===== AVAILABLE DATA
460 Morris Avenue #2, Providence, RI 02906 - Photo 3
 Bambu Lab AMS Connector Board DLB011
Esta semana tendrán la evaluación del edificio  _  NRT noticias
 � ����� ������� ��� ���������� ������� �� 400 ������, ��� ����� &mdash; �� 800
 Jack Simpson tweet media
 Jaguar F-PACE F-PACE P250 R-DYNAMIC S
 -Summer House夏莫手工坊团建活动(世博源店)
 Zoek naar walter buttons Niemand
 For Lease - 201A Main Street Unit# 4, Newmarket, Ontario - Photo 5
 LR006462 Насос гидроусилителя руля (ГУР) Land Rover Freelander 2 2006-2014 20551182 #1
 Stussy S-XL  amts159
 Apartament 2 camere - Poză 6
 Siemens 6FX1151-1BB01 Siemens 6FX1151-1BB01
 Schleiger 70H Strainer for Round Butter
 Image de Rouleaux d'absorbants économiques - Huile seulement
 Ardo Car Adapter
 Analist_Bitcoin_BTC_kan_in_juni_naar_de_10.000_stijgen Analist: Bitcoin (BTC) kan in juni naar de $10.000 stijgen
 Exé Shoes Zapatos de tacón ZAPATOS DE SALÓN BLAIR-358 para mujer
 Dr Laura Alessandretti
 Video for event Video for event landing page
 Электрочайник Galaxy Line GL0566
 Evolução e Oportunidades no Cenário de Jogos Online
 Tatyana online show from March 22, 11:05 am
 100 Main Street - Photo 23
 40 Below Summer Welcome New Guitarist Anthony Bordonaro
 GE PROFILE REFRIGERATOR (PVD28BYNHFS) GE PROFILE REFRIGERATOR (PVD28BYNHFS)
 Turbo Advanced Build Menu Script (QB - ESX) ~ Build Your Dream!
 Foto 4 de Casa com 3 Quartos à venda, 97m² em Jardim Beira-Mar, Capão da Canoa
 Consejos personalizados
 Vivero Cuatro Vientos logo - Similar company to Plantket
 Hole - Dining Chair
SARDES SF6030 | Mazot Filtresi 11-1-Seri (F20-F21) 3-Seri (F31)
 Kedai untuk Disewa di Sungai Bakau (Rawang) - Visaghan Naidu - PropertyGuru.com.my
==========
> [WORK TASK]
From the opening line of the data above through the line that contains "400 ������, ��� ����� &mdash; �� 800", please print each line as it stands and only those lines.

> [OUTPUT OF THE EXERCISE]
460 Morris Avenue #2, Providence, RI 02906 - Photo 3
 Bambu Lab AMS Connector Board DLB011
Esta semana tendrán la evaluación del edificio  _  NRT noticias
 � ����� ������� ��� ���������� ������� �� 400 ������, ��� ����� &mdash; �� 800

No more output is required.